Yes, it's nicely minimal in a number of aspects. Good point.

> JS doesn't mean bad UX.

For those who run their browser with scripts off by default it is.

Disabling JS and cookies by default has another nice benefit: on a number of sites, the stupid content-obcsuring cookie banner just does not exist (as well as ads, of course). And pages load time is much better.

> Blocking third party scripts and cookies is one thing, but not wanting first party script just forces the developer to use server-side templating for their static content which means you either deliver everything from the same origin (bad for latency) or chain a CDN in front that picks out static content to cache (I don't think that's compatible with the web 2.0 ideology).

That doesn't hold.

If a server can format data into a Json, it can format the same data into HTML and serve it the same. In the specific case of this site, the generated HTML has the same lifetime as the generated Json.

From the site: "It is updated every 2 hours."

Ironically, because this site is nicely minimal in a number of aspects, one can play with statistics. Not counting cloudflare beacon js, I measure

1.16k HTML, 1.56k CSS, 18.44k JS, 1.05k favicon.svg, 1.61k JSON payload.

Therefore 77% of bandwidth used is Javascript:

    p=(1.16+1.56+1.05+1.61) ; j=18.44 ; 100*j/(j+p)=77
By serving HTML instead of Json (at the same price), the bandwidth cost would be divised by 4.4:

    p=(1.16+1.56+1.05+1.61) ; j=18.44 ; (j+p)/p = 4.4
Think about it: running custom code on each browser of each visitor to perform exactly the same computation and yield the same DOM each and every time is totally useless.

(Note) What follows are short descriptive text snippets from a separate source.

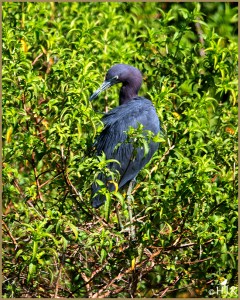 Little Blue Heron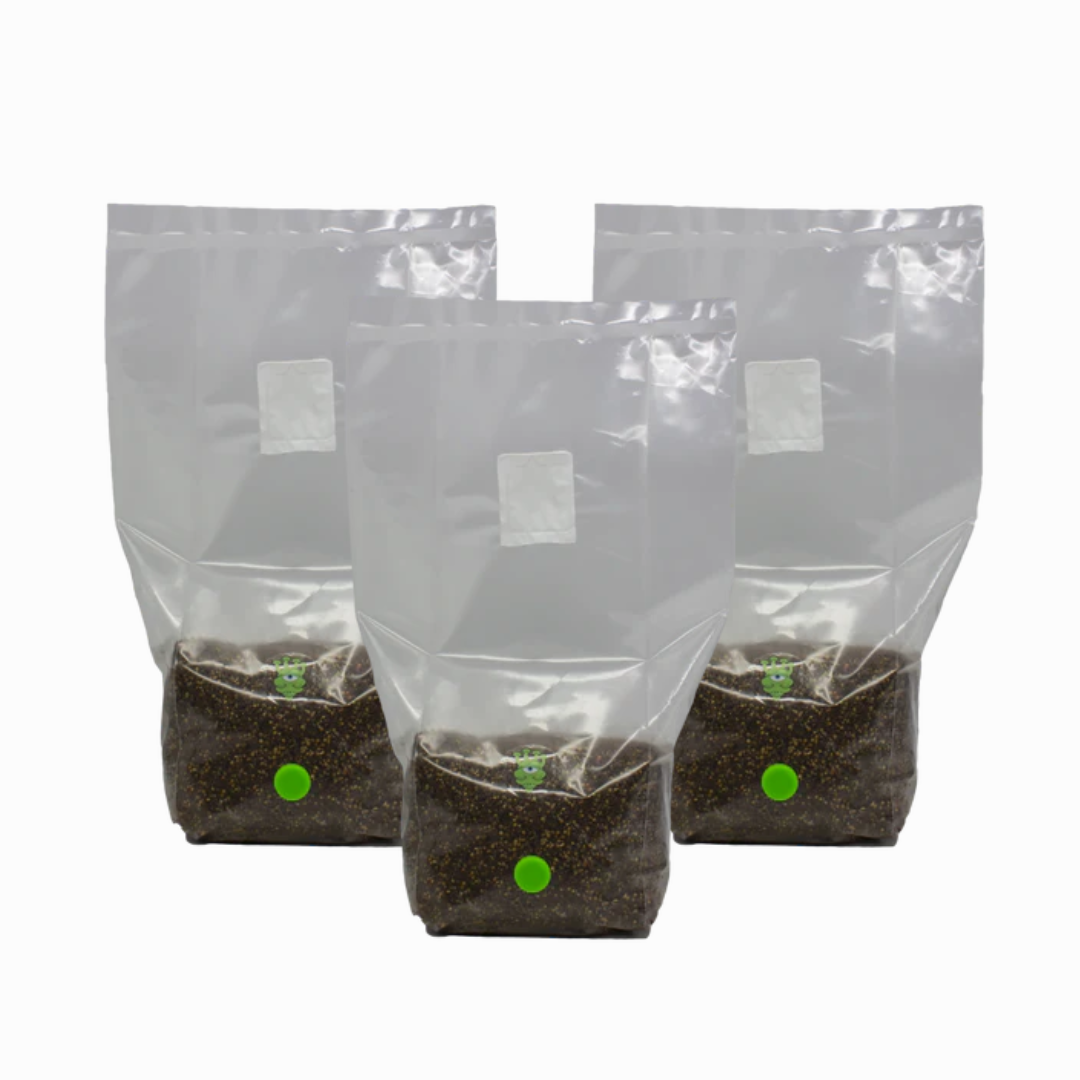 MushBag™ All-In-One Mushroom Grow Kit - CVG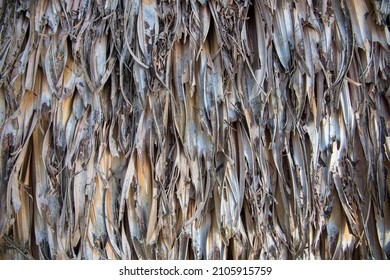 Background From Dry Palm Leaves. Grey Natural Backdrop. Dry Palm Leaf Surface Closeup. Thatched Roof Photo Texture. Natural Texture Of Dried Grass. Asian Architecture Style. Tropical Island House Roof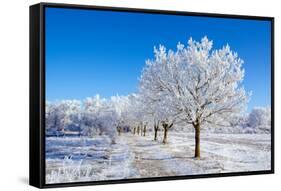 Winter Sunny Day-Carmian-Framed Stretched Canvas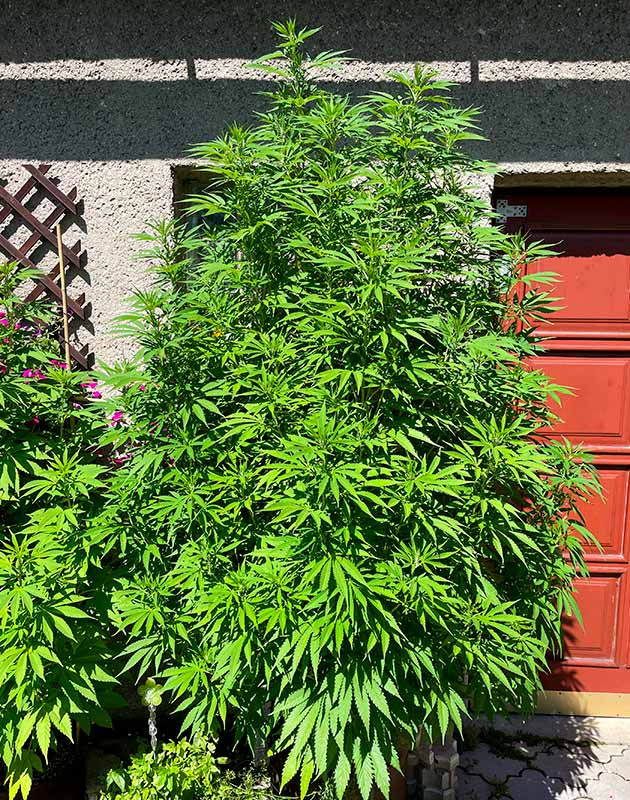 Начало цветения Bruce Banner #3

All in all, serving a full HTML page instead of a HTML shell + custom JS + Json totally makes sense.

The good news is, for the past year I have started to hear seasoned web developers complain more about the sad state web development has been for years, and longing for some simplicity. Wait and see.

Kudos to the author for embracing minimalism. You can go a step further.